Exercise objective: An exact copy of the entries is needed, with every picture left out.

Data to process:
----
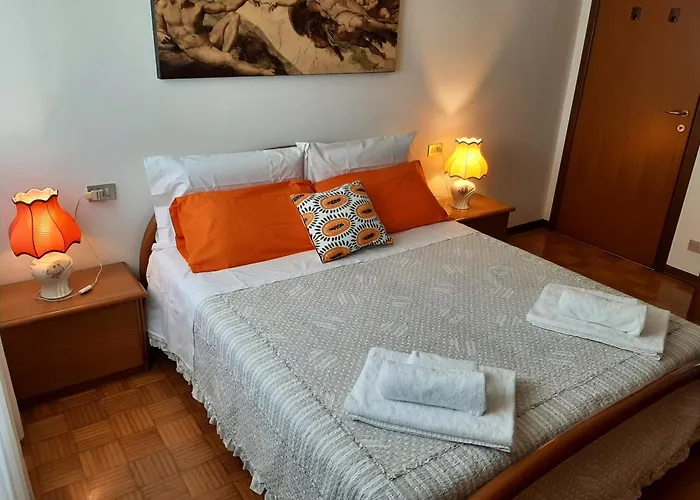 Casa Di Iana 公寓 *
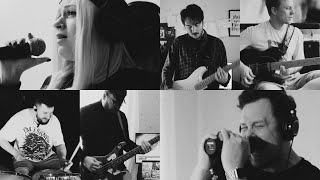 Venona United - War All the Time (Thursday cover)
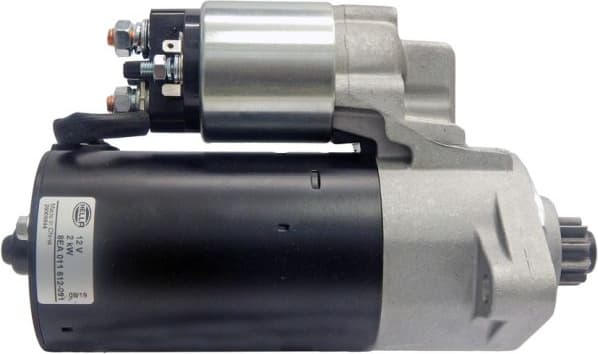 Starter 8EA 011 612-091 - image 4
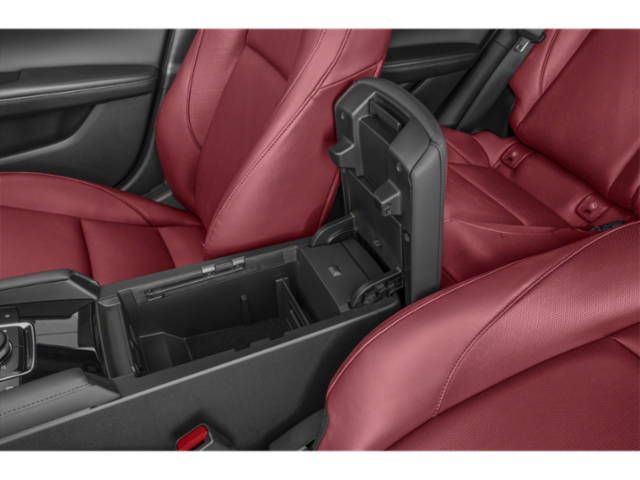 2026 Mazda Mazda3 Carbon Base photo 11
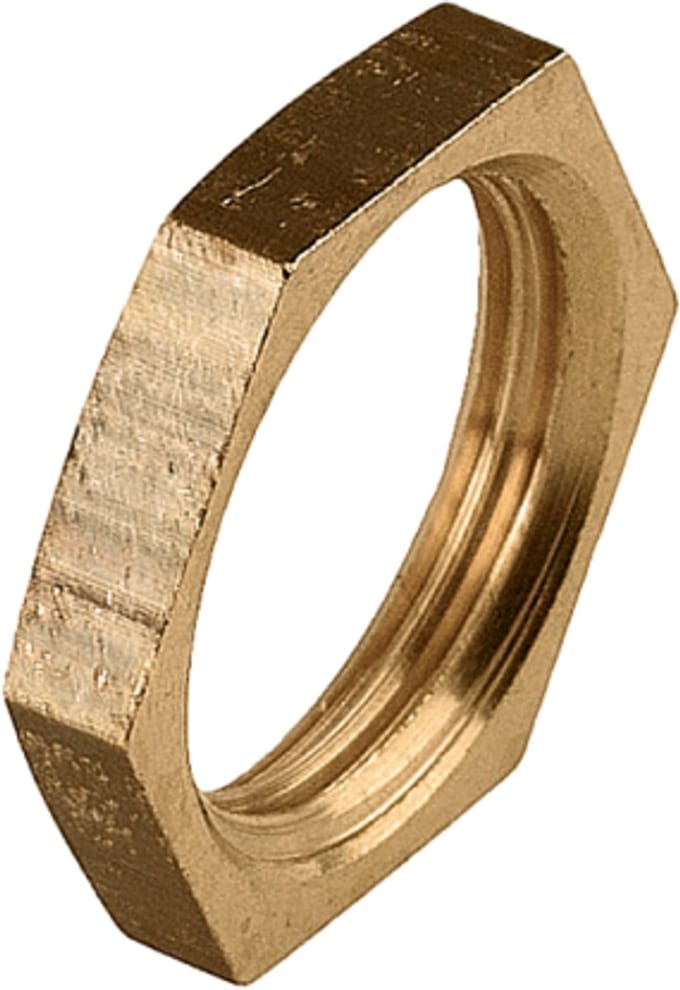 Bonfix Draadfitting Connectiemoer 1" - 1 x binnendraad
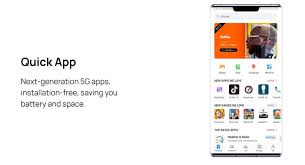 Huawei Visions A Solid Alternative To Google Play Store Appgallery Huawei Google Play Store Google Play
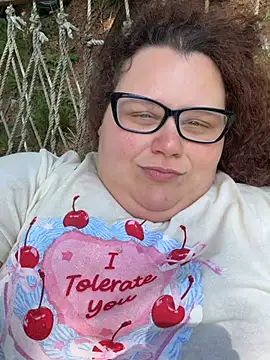 Snapshot of Fatpussybigass chatting on 4, 6, 2026 Fatpussybigass online show from 4, 6, 2026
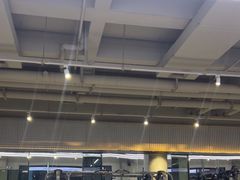 -LA合时健身4PMFIT(花桥旗舰店)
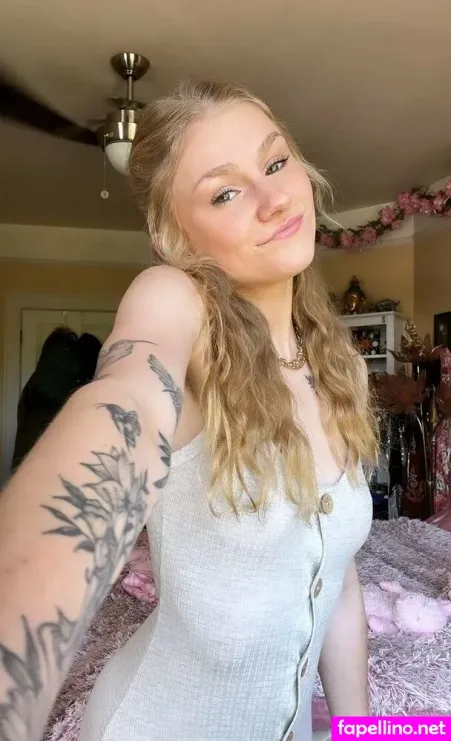 Flower Fairy Main Profile Photo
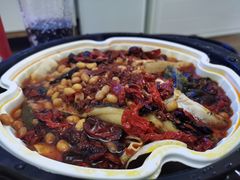-探鱼·鲜青椒爽麻烤鱼(领展购物广场店)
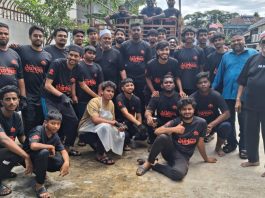 ஸ்தாப்பாக் மாஹர் தஹ்ஃபிஸ் அல்-பரீதியா மதராஸாவில் ஹஜ்ஜுப் பெருநாள் கொண்டாட்டம்: ஏழை எளியோருக்குக் குர்பானி இறைச்சி விநியோகம்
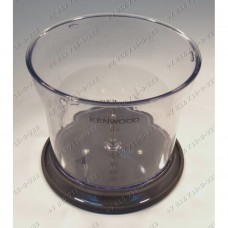 Чаша с крышкой для блендера Kenwood HB710, HB724, HB724, HB723, HB723, HB722, HB712, HB720 Чаша с крышкой для блендера Kenwood HB710, HB724, HB724, HB723, HB723, HB722, HB712, HB720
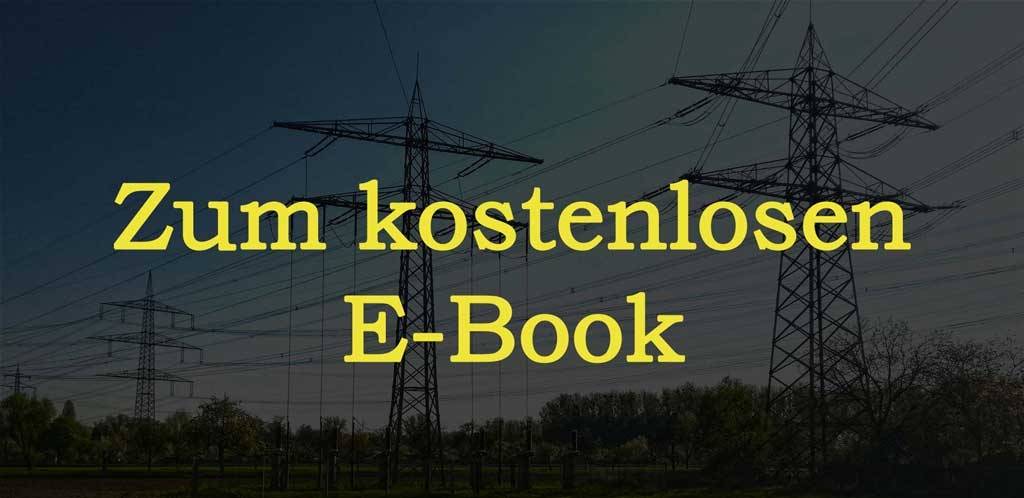 Stromsperre E-Book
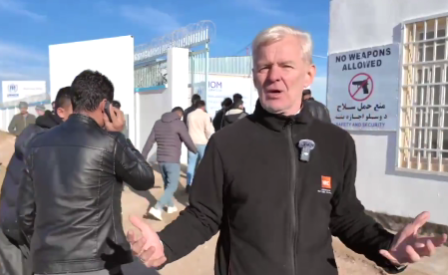 ناروې د کډوالو شورا مشر: طالبان لا هم وايي چې د نجونو زده کړې به وشي خو شرایط برابر نه دي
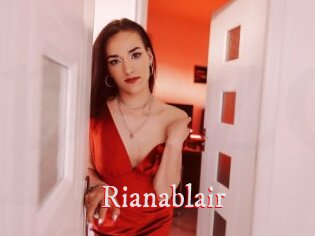 Rianablair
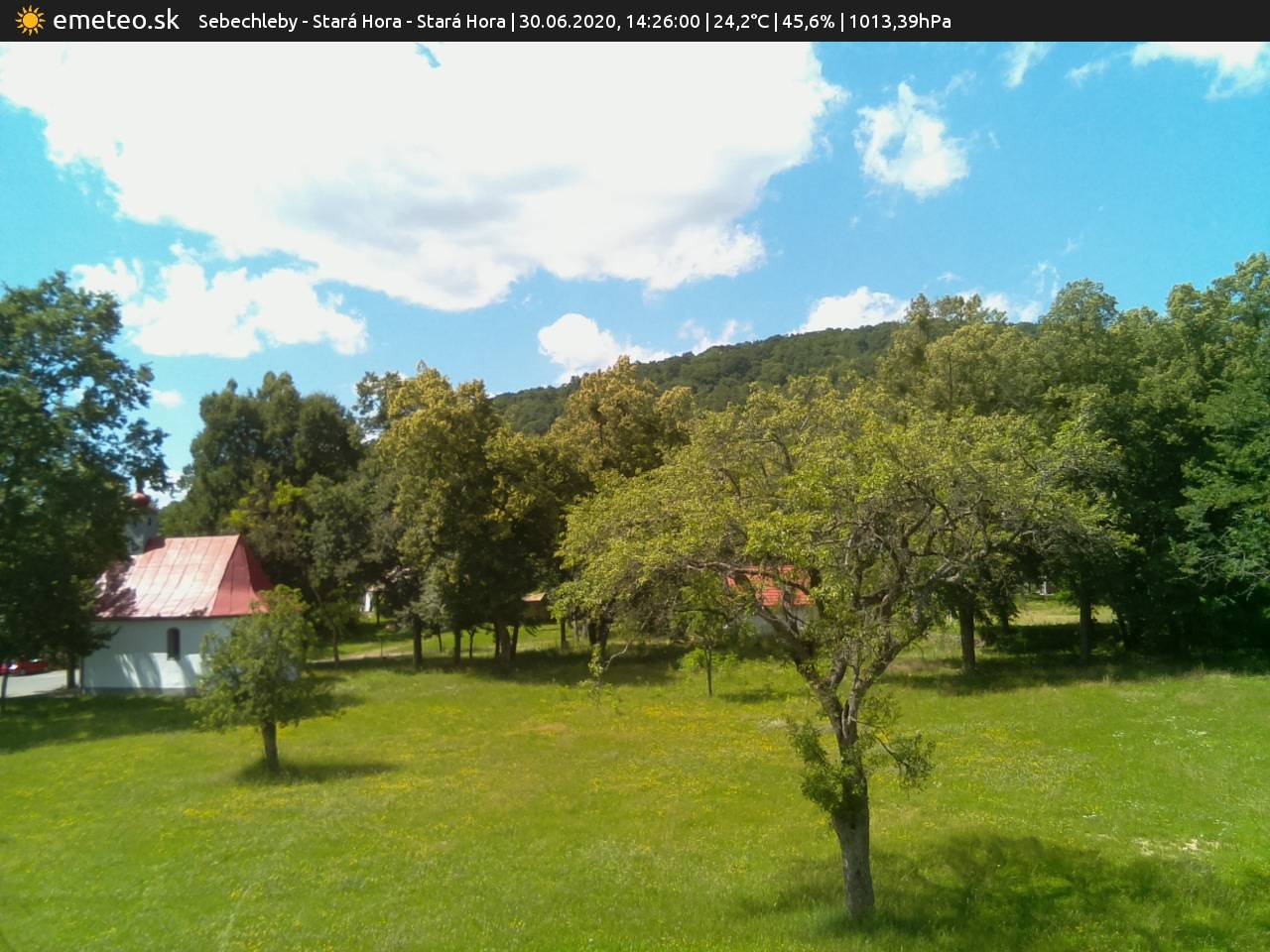 Kaplnka sv. Urbana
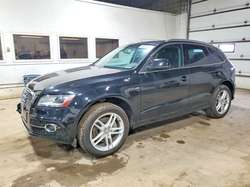 2013 Audi Q5 Premium Plus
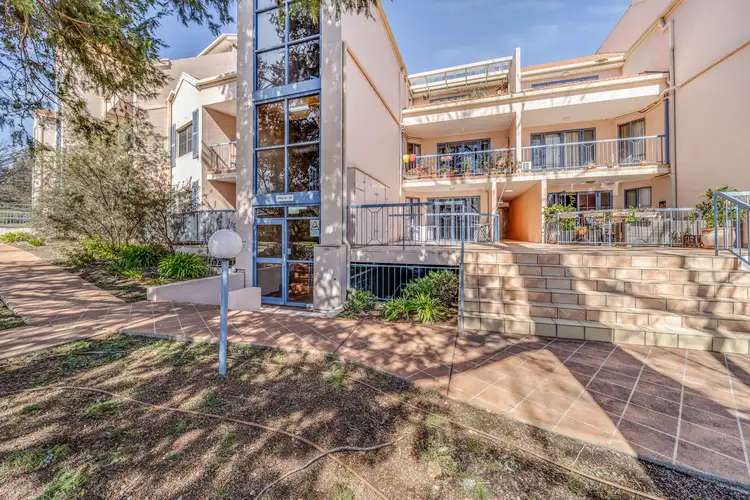 29/19 Condamine Street, Turner ACT 2612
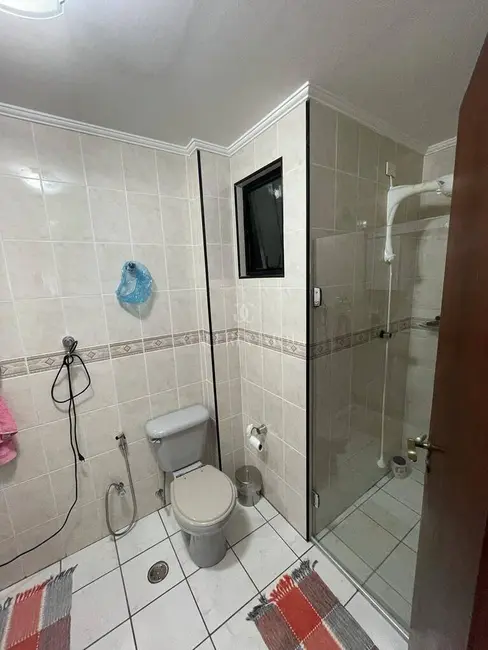 Apartamento com 3 quartos à venda, 110m2 em Campo Grande, Santos - SP - imagem 7 Foto 7 de Apartamento com 3 quartos à venda, 110m2 em Campo Grande, Santos - SP
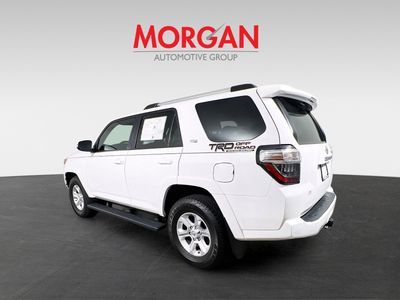 2024 Toyota 4Runner - Photo 5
----
Solution:
 Casa Di Iana 公寓 *
 Venona United - War All the Time (Thursday cover)
 Starter 8EA 011 612-091 - image 4
 2026 Mazda Mazda3 Carbon Base photo 11
 Bonfix Draadfitting Connectiemoer 1" - 1 x binnendraad
 Huawei Visions A Solid Alternative To Google Play Store Appgallery Huawei Google Play Store Google Play
 Snapshot of Fatpussybigass chatting on 4, 6, 2026 Fatpussybigass online show from 4, 6, 2026
 -LA合时健身4PMFIT(花桥旗舰店)
 Flower Fairy Main Profile Photo
-探鱼·鲜青椒爽麻烤鱼(领展购物广场店)
 ஸ்தாப்பாக் மாஹர் தஹ்ஃபிஸ் அல்-பரீதியா மதராஸாவில் ஹஜ்ஜுப் பெருநாள் கொண்டாட்டம்: ஏழை எளியோருக்குக் குர்பானி இறைச்சி விநியோகம்
 Чаша с крышкой для блендера Kenwood HB710, HB724, HB724, HB723, HB723, HB722, HB712, HB720 Чаша с крышкой для блендера Kenwood HB710, HB724, HB724, HB723, HB723, HB722, HB712, HB720
 Stromsperre E-Book
 ناروې د کډوالو شورا مشر: طالبان لا هم وايي چې د نجونو زده کړې به وشي خو شرایط برابر نه دي
 Rianablair
 Kaplnka sv. Urbana
 2013 Audi Q5 Premium Plus
 29/19 Condamine Street, Turner ACT 2612
 Apartamento com 3 quartos à venda, 110m2 em Campo Grande, Santos - SP - imagem 7 Foto 7 de Apartamento com 3 quartos à venda, 110m2 em Campo Grande, Santos - SP
 2024 Toyota 4Runner - Photo 5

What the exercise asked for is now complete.